• The problem: Pictures aside, reproduce exactly and only the lines from the one containing "Hliníkový plot LAMARK" through the end of the records.
☆ ☆ ☆ ☆ ☆ ☆ ☆
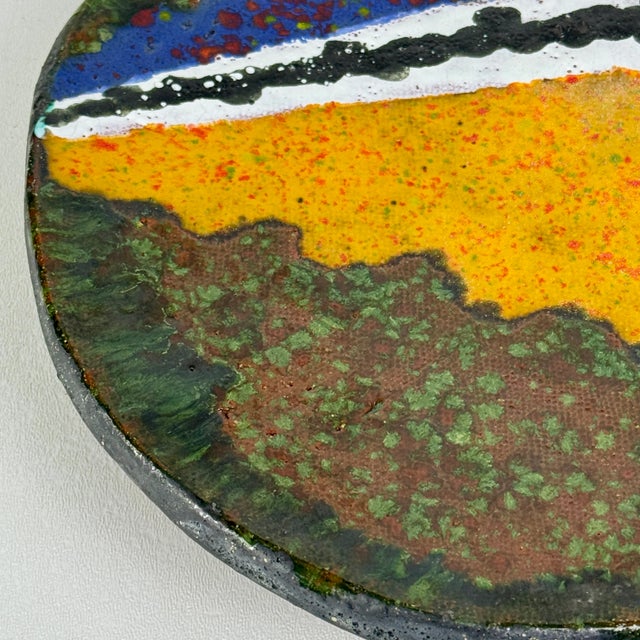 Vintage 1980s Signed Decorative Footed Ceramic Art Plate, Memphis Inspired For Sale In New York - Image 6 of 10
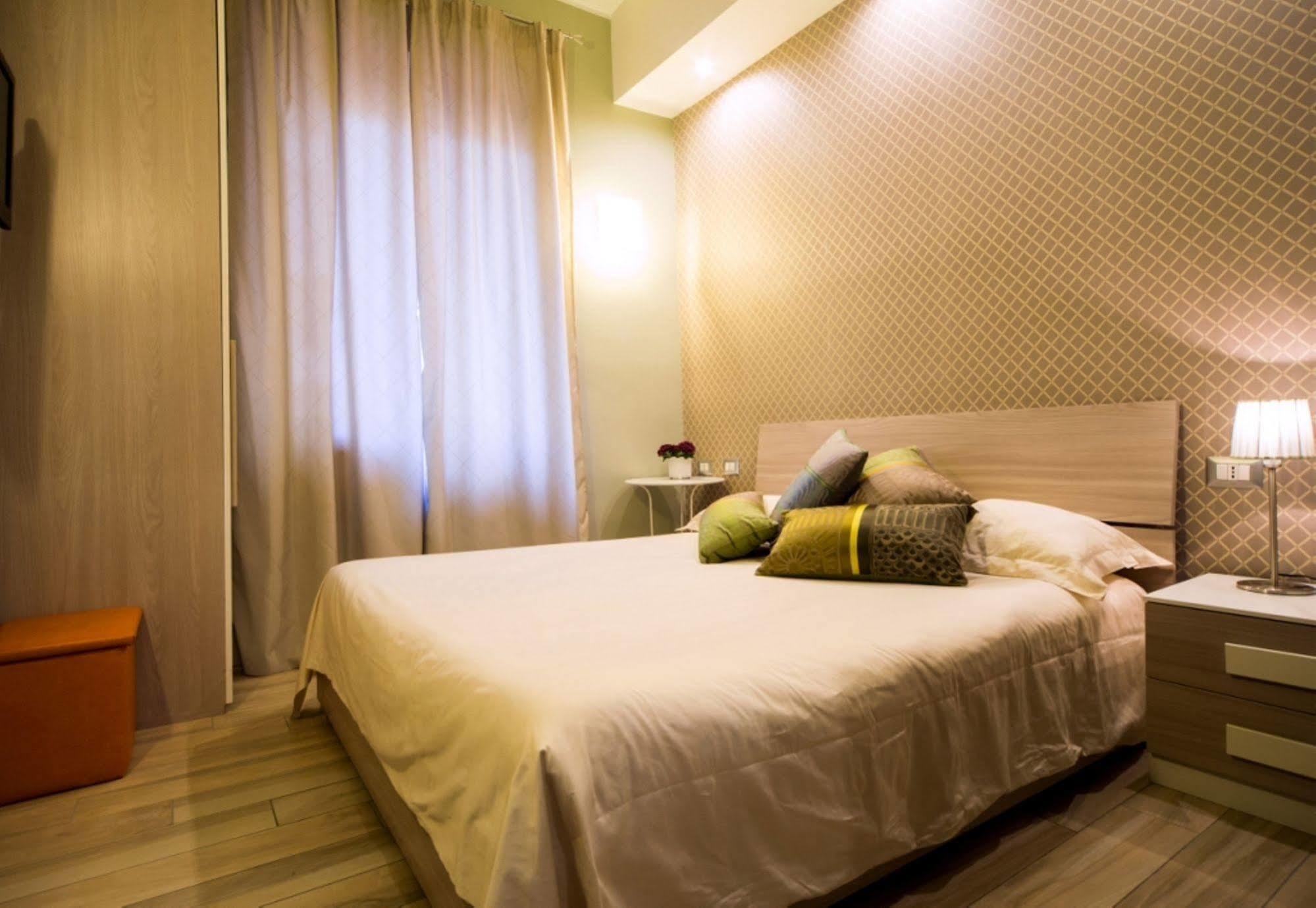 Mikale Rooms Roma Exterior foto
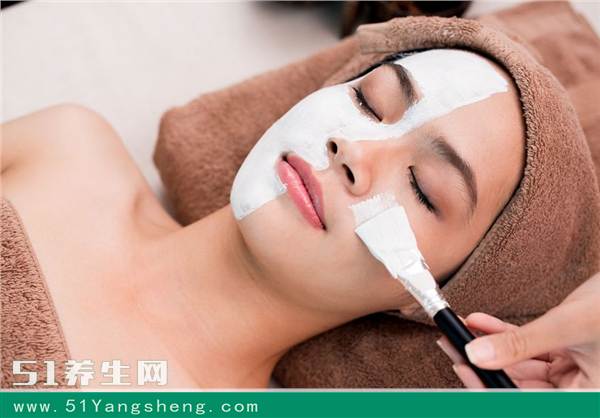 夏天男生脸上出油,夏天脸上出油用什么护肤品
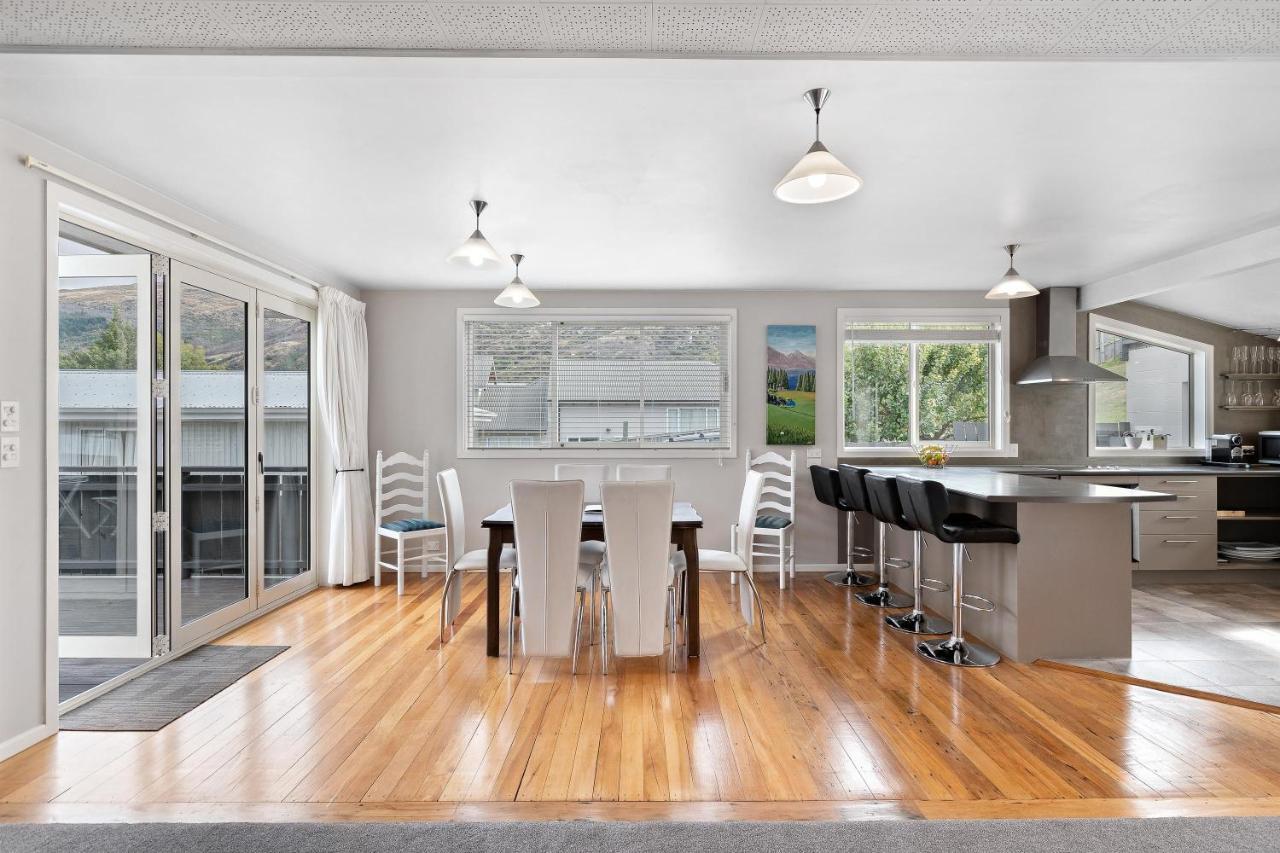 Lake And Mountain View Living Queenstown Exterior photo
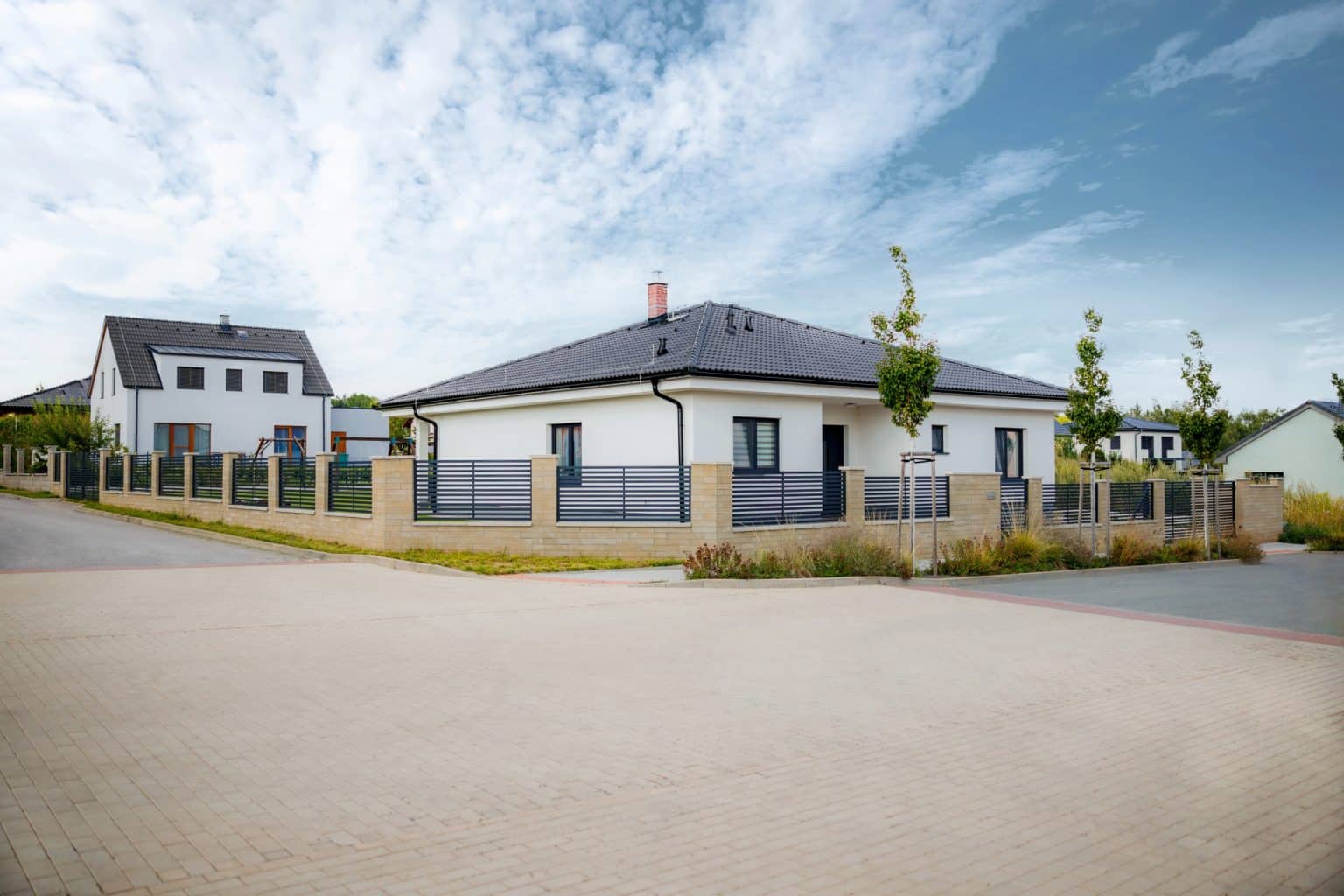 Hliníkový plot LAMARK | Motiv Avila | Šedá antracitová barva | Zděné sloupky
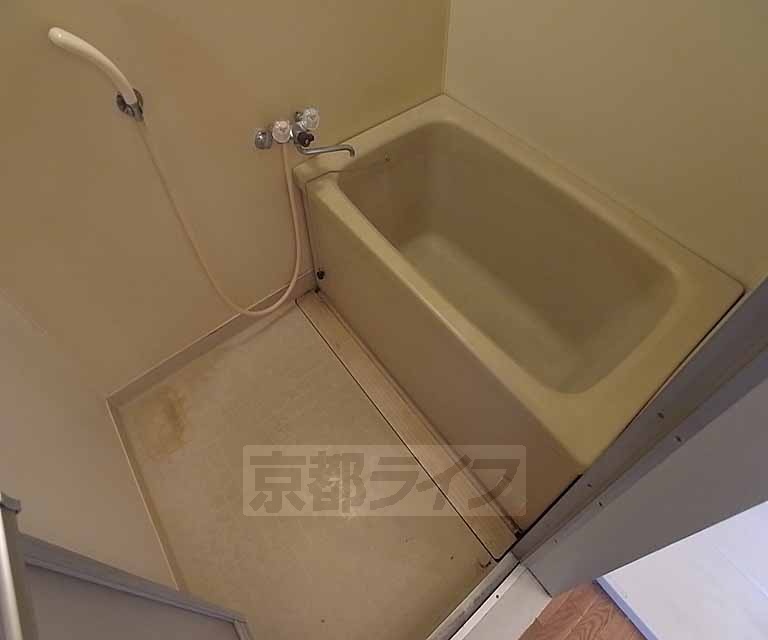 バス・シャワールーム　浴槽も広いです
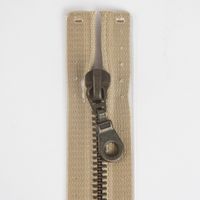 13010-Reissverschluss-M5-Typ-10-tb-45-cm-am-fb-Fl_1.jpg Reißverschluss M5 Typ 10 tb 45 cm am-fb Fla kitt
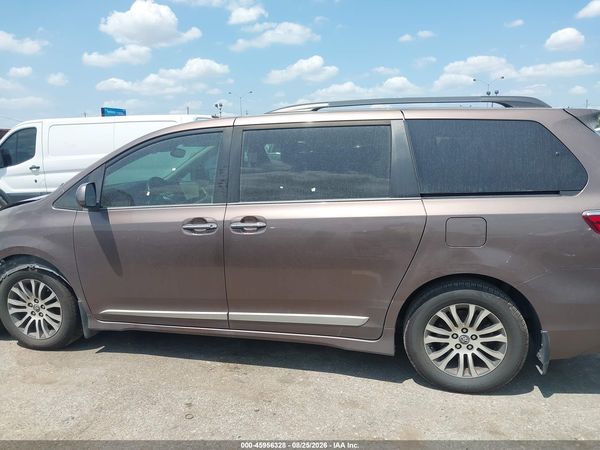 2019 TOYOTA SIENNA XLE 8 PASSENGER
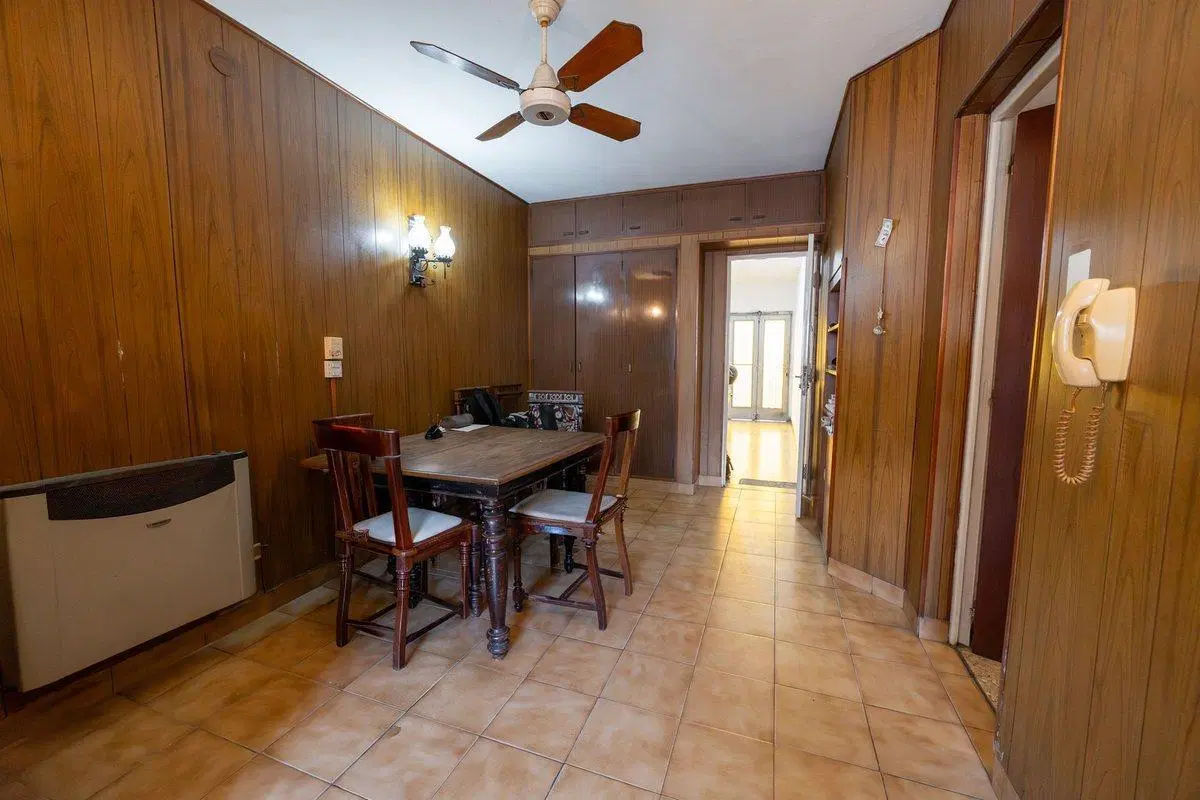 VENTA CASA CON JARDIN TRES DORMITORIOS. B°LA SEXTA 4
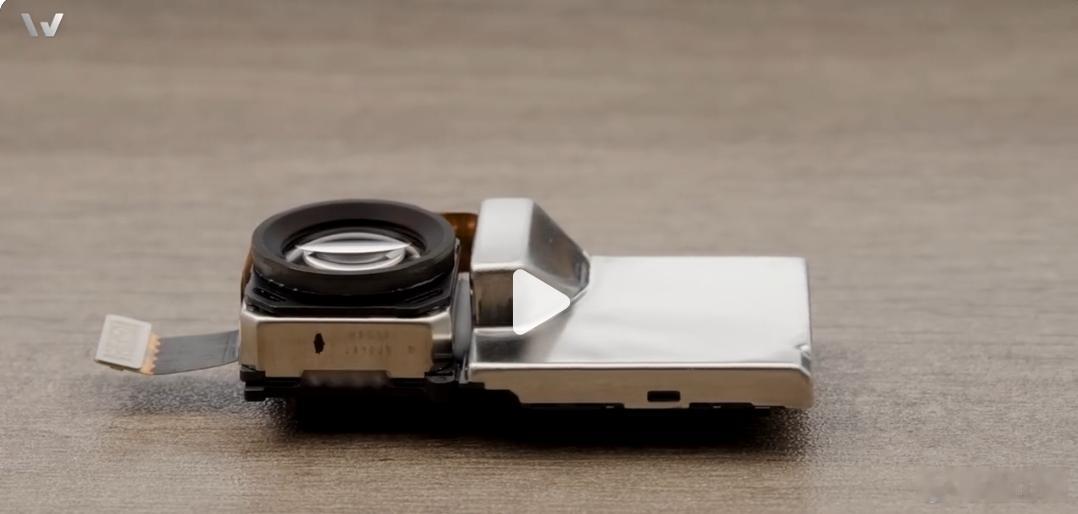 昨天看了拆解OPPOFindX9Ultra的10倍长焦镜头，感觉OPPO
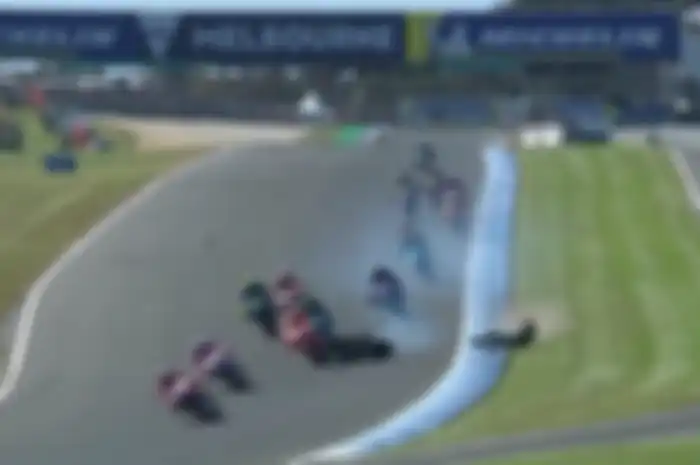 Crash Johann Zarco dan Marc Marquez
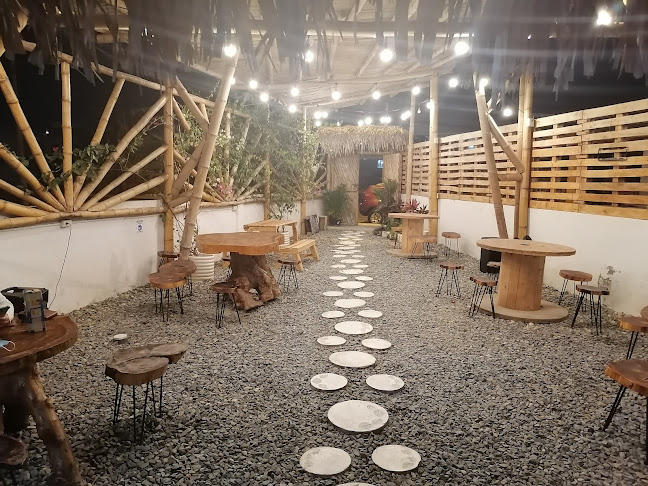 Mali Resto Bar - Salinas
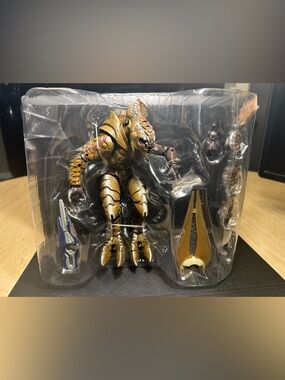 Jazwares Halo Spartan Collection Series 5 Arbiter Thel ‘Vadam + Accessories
☆ ☆ ☆ ☆ ☆ ☆ ☆
• Solution to the problem:
 Hliníkový plot LAMARK | Motiv Avila | Šedá antracitová barva | Zděné sloupky
 バス・シャワールーム　浴槽も広いです
 13010-Reissverschluss-M5-Typ-10-tb-45-cm-am-fb-Fl_1.jpg Reißverschluss M5 Typ 10 tb 45 cm am-fb Fla kitt
 2019 TOYOTA SIENNA XLE 8 PASSENGER
 VENTA CASA CON JARDIN TRES DORMITORIOS. B°LA SEXTA 4
 昨天看了拆解OPPOFindX9Ultra的10倍长焦镜头，感觉OPPO
 Crash Johann Zarco dan Marc Marquez
 Mali Resto Bar - Salinas
 Jazwares Halo Spartan Collection Series 5 Arbiter Thel ‘Vadam + Accessories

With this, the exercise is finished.